Fritz Lang réalisateur de western. "Rancho Notorious" (USA, 1952) fait parti de la trilogie des westerns de Lang. Celui-ci, encore une fois, démontre la maitrise narrative et visuel du cinéaste. Les plans faient avec brio, avec un déictisme tout à fait nécessaire et jamais gratuit. L'histoire, où la tension monte au fur et à mesure du film, nous tient en haleine véritablement. On est loin de l'ingéniosité de "Beyond a reasonable doubt" (USA, 1956 ) mais "Rancho notorious" reste un thriller intéressant. Fritz Lang réussit donc a méler thriller et western sans qu'on ne s'en rende compte. Le plus remarquable est bien sur l'intéprétation de Marléne Dietrich, belle comme toujours et femme fatale éternellement. Son jeu, qui n'a rien a envier à ses films précédents, reste toujours de très bonne facture. En conclusion, "Rancho notorious" est un film mineur de Lang, incomparable face à "M" (Allemagne, 1931), ou même à l'américain "Ministry of fear" (USA, 1942), mais qui a la force de réunir le cinéaste et Marlene Dietrich et qui nous donne droit à un moment agréable avec une musique mémorable signée Emil Newman.
Bon bin voila : une grosse baffe dans la gueule, une fois de plus , bon c'est vrai j'adore lang, mais rancho notorious c'est le summum américain de ce que j'ai pu voir du maitre allemand.
Une banale histoire de vengeance est transformée en formidable jeu de séduction entre la belle altar keane(dietrich quand meme!!!) et vern haskell (kennedy, parfait).
Au final un grand film paranoiaque aux couleurs criardes avec un moment sublime (la scene ou kennedy examine toutes les "gueules" de bandits,parmi lesquels jack elam, est un grand moment) Un tres grand film.
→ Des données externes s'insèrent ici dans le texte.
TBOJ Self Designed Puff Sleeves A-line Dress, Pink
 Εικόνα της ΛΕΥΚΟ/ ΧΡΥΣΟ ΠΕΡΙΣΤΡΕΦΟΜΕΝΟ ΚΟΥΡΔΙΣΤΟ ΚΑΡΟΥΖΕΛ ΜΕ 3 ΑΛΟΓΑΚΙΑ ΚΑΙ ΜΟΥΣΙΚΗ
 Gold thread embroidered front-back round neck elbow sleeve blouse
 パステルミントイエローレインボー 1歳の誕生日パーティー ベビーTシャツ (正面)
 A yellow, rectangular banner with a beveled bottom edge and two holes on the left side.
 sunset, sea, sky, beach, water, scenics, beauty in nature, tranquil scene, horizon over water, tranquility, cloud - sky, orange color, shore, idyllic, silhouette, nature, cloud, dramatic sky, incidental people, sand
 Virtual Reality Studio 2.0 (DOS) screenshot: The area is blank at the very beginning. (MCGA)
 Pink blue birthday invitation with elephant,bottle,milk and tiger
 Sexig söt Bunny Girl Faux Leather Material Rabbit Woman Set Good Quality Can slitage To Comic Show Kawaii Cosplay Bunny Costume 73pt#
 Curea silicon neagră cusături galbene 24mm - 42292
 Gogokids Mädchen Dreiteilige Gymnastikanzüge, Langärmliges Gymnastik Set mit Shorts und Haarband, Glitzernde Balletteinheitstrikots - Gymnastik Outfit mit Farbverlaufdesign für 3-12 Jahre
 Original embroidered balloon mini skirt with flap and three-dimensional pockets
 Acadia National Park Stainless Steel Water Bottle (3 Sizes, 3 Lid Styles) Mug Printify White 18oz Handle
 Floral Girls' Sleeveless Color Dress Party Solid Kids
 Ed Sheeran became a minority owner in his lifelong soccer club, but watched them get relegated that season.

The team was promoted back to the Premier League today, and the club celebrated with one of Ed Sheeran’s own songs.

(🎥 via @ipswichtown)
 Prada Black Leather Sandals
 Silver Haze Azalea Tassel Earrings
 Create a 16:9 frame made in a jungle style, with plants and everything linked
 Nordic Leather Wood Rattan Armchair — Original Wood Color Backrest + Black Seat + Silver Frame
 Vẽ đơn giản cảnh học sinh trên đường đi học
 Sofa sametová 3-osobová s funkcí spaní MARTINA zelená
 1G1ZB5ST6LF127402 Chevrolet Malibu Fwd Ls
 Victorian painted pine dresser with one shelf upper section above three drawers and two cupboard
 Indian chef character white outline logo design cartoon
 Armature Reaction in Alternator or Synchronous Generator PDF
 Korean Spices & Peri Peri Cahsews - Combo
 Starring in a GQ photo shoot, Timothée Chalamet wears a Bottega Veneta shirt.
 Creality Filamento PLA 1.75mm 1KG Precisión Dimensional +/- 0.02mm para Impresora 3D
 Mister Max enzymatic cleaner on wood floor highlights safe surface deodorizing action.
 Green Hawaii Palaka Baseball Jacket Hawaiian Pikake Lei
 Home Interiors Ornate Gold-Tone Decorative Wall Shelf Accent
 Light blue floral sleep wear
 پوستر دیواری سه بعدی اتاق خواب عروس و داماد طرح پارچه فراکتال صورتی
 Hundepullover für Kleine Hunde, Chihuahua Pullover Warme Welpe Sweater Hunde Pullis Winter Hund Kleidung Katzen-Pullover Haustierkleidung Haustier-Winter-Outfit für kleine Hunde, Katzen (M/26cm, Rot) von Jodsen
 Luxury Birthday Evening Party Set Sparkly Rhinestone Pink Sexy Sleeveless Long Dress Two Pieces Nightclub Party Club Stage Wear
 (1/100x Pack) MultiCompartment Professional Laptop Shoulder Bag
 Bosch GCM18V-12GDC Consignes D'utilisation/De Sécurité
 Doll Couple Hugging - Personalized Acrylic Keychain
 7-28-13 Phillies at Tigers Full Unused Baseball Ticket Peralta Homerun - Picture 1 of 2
Quand un grand metteur en scène de films noirs se met au western, ça déménage ! Rarement on a vu une vision aussi désenchantée de l’ouest, des personnages aussi tourmentés, aussi complexes, aussi ambigus. On est bien loin des héros virils à la John Wayne, qui construisent leur vie à coups de colts et se jouent de l’adversité : ici, c’est le destin qui, tel le chuck-a-luck de la chanson, règne en maître et ballotte les individus à son gré. Une atmosphère de danger imprègne tout le film, la violence n’y est pas factice (cf. la bagarre dans la boutique du barbier : on la croirait réelle !). Même le dénouement final n’apportera pas vraiment de réconfort… Fritz Lang se révèle aussi à l’aise dans l’action que dans l’agencement complexe des rivalités et des séductions. Arthur Kennedy campe à la perfection un anti-héros tiraillé entre le souvenir de sa fiancée assassinée, sa haine pour le meurtrier et sa fascination pour Altar Keane. Mel Ferrer est remarquable en prince du six-coups vieillissant, à la fois élégant, sentimental et brutal. Entre les deux, Marlene Dietrich, tour à tour femme fatale raffinée et cow-girl à poigne, impose sa voix grave et son visage triste en une composition saisissante. Tourmenté, tragique, son personnage résume à lui seul les enjeux de ce très grand film.